INFORMACIÓN CONTINUA Publicado en 2023-01-30 09:51:27
A Risk-Based Insurance Model for Transboundary Animal Diseases
Authors: Gizem Levent, Christopher Glen Laine, Melissa Berquist, Miguel Gonzalez, Heather Simmons, Jimmy Tickel, Harvey Morgan Scott
Agro-crime and agro-terrorism, which involve the use of biological agents as weapons, threaten peace and economic stability in countries and regions around the world.
To better assess the risks and vulnerabilities of these threats, researchers have developed a risk premium model based on the World Organisation for Animal Health (WOAH) quantitative risk assessment paradigm.
This model uses various domain scores related to release and exposure for biological factors, as well as preparedness/response ability of each country, to provide a transparent, robust and widely available tool for assessing potential resilience against agro-crime or agro-terror events, as well as for unintentional disease introductions. By doing this, the model can help to protect animal health and economic stability worldwide.
Agro-Crime and Agro-Terrorism
Agro-crime and agro-terrorism, which involve the use of biological agents as weapons, threaten peace and economic stability. To better understand the possible impact of such events, researchers have developed a prototypical risk premium model for animal health outcomes based on the WOAH quantitative risk assessment paradigm.
About the Model
This model uses dimensionless and relative domain scores related to release and exposure for several biological factors, as well as preparedness/response ability of each country. It also considers disease-specific measures relating to pathogens, targeted animal populations, the ongoing disease situation, within– and among – country peace or conflict, disease-specific control measures, and the availability of technical tools and personnel for successful disease management. Additionally, the model considers economic, political, and research and development competencies in order to assess each WOAH Member’s potential for resilience.
Using this model, the researchers developed vulnerability indices for 25 WOAH Members from five worldwide regions against four transboundary infectious animal diseases including Foot and Mouth disease, African swine fever, Highly pathogenic avian influenza, and Brucellosis. The indices were generated by using variables from widely accepted databases from multiple intergovernmental organisations.
Benefits of the Model
The risk premium model proposed is transparent, relying on robust and widely available datasets.
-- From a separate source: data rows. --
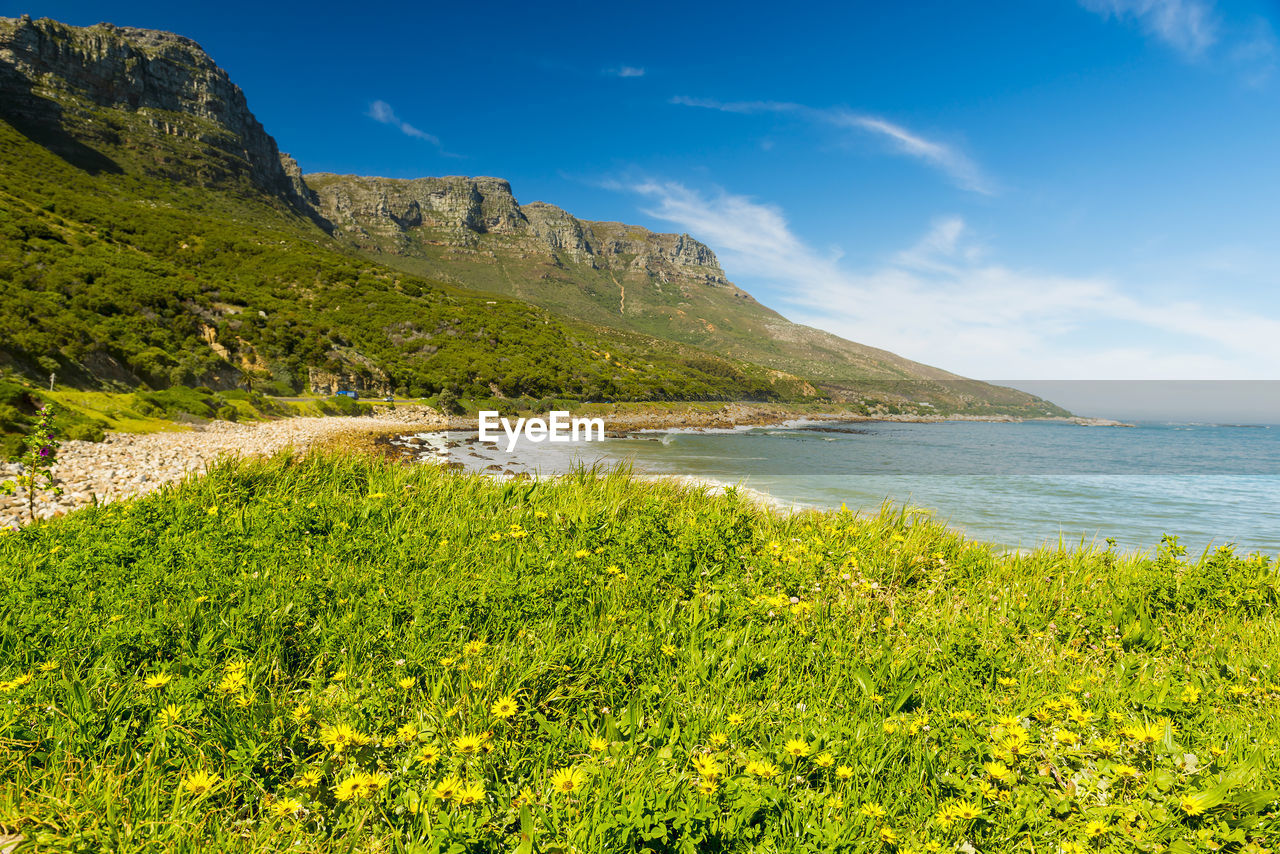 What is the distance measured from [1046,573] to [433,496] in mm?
6658

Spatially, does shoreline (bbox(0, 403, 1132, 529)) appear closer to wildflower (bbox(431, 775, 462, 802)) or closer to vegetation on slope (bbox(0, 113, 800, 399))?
wildflower (bbox(431, 775, 462, 802))

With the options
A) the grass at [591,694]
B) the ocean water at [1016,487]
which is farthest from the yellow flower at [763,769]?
the ocean water at [1016,487]

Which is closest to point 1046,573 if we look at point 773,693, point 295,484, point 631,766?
point 773,693

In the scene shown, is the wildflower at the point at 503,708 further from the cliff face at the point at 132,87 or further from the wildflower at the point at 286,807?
the cliff face at the point at 132,87

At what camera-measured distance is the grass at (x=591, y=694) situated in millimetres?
1918

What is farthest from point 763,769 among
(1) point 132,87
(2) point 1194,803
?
(1) point 132,87

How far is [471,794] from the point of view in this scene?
1.74 meters

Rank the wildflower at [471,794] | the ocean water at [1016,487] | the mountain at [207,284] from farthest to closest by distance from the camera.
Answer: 1. the mountain at [207,284]
2. the ocean water at [1016,487]
3. the wildflower at [471,794]

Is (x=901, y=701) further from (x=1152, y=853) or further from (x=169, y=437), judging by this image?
(x=169, y=437)

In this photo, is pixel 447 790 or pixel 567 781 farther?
pixel 567 781

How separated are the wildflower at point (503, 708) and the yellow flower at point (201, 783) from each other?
3.25 feet

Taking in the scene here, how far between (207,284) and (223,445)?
40.6 metres

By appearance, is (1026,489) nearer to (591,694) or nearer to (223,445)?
(591,694)

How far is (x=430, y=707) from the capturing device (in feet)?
8.32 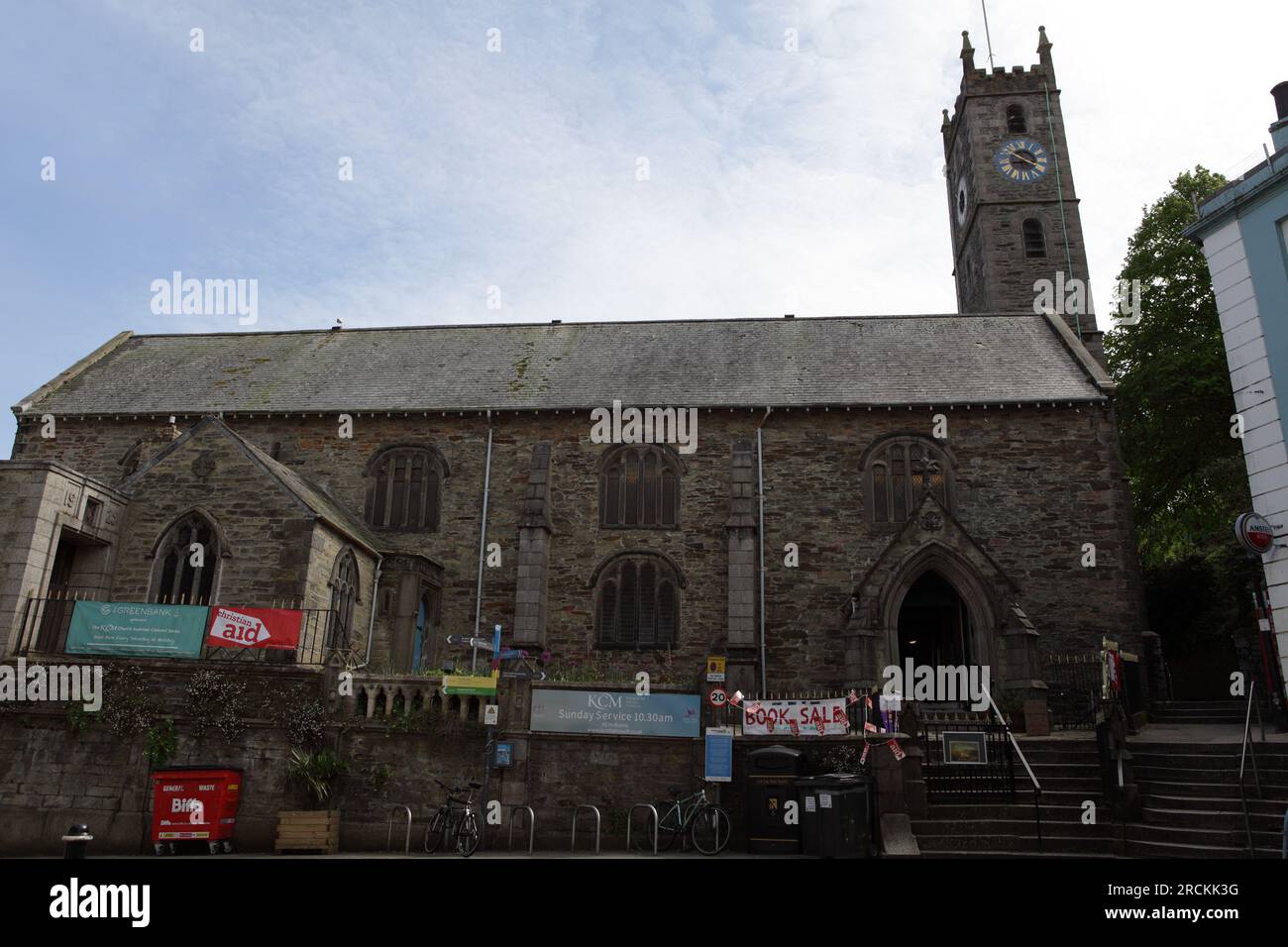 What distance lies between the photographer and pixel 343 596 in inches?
805

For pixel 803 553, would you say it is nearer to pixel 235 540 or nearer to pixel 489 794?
pixel 489 794

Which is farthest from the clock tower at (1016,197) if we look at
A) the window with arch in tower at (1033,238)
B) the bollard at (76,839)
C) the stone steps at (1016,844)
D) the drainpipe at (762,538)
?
the bollard at (76,839)

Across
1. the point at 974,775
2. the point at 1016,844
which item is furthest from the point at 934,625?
the point at 1016,844

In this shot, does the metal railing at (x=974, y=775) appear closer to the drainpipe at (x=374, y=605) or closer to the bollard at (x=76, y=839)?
the bollard at (x=76, y=839)

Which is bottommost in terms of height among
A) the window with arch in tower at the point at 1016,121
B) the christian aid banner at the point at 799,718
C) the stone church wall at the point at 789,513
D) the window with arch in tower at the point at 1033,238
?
the christian aid banner at the point at 799,718

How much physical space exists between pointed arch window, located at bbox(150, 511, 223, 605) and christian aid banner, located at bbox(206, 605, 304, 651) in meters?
2.39

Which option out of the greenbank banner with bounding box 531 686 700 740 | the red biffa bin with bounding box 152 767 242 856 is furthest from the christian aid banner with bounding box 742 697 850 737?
the red biffa bin with bounding box 152 767 242 856

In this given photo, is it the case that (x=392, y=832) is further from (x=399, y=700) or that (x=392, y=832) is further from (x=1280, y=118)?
(x=1280, y=118)

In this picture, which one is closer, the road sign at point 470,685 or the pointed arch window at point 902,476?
the road sign at point 470,685

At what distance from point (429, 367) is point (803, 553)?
13076 millimetres

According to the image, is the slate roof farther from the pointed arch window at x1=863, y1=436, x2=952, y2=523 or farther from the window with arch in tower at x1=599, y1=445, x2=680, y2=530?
the window with arch in tower at x1=599, y1=445, x2=680, y2=530

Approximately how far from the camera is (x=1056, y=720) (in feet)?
65.0

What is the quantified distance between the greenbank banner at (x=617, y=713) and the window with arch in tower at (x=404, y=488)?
9.54m

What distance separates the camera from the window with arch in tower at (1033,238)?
1348 inches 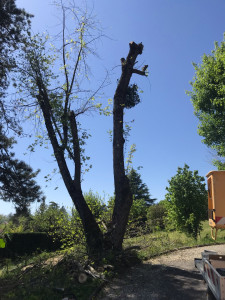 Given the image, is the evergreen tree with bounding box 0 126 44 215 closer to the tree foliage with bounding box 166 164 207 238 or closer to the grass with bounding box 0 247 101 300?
the grass with bounding box 0 247 101 300

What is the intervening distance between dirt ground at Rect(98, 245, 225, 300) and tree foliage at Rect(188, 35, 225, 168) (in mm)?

It can easily be adjusted by policymakers and agencies and used to improve risk management strategies against agro-crime or agro-terror events, as well as for unintentional disease introductions. This model can be invaluable in helping to protect animal health and economic stability.
Funding and Support
This study was supported by the WOAH-FAO-INTERPOL Building Resilience Against Agro-Crime and Agro-Terrorism Project Team along with funding provided through the Weapons Threat Reduction Program of Global Affairs, Canada.
The designations and denominations employed and the presentation of the material in this article do not imply the expression of any opinion whatsoever on the part of the World Organisation for Animal Health (WOAH, founded as OIE) concerning the legal status of any country, territory, city or area or of its authorities, or concerning the delimitation of its frontiers and boundaries.
The views expressed in this article are solely the responsibility of the author(s). The mention of specific companies or products of manufacturers, whether or not these have been patented, does not imply that these have been endorsed or recommended by WOAH in preference to others of a similar nature that are not mentioned.
Reference: Levent G, Laine CG, Berquist M, Gonzalez M, Simmons H, Tickel J, et al. A risk-based mutual insurance premium framework for establishing indices of vulnerability to the intentional introduction of transboundary animal diseases. Transbound Emerg Dis. 2022. Epub 20221003. doi: 10.1111/tbed.14721. PubMed PMID: 36189839.